Exercise aim: When the line with "YAMAHA T-MAX 530 DX 2018 SJ15J" appears below, start repeating lines exactly, and keep going through the line with "دوبلكس واسعة ضمن"; add nothing outside that span.

Data extracts:

┄┄┄┄┄┄┄┄┄┄

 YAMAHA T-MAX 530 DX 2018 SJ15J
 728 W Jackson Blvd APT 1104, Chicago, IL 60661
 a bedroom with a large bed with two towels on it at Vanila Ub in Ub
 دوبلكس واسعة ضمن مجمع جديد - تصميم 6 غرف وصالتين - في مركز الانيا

┄┄┄┄┄┄┄┄┄┄

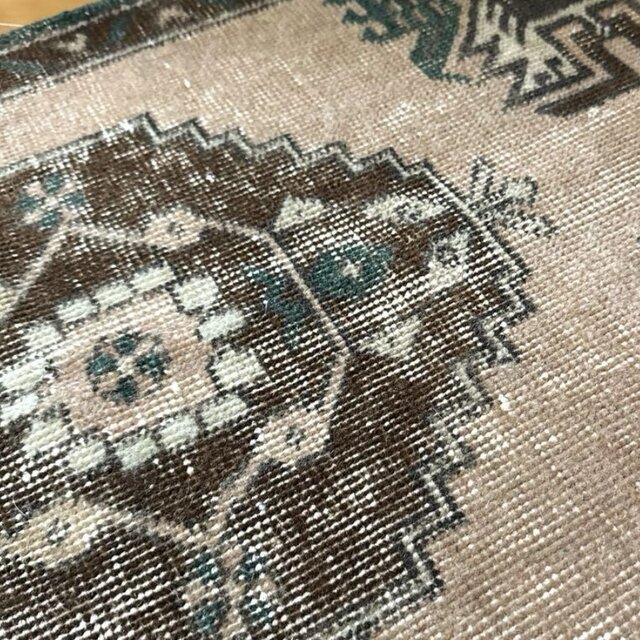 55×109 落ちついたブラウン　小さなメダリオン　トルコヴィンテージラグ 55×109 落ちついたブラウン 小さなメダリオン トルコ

┄┄┄┄┄┄┄┄┄┄

Answer space:
 YAMAHA T-MAX 530 DX 2018 SJ15J
 728 W Jackson Blvd APT 1104, Chicago, IL 60661
 a bedroom with a large bed with two towels on it at Vanila Ub in Ub
 دوبلكس واسعة ضمن مجمع جديد - تصميم 6 غرف وصالتين - في مركز الانيا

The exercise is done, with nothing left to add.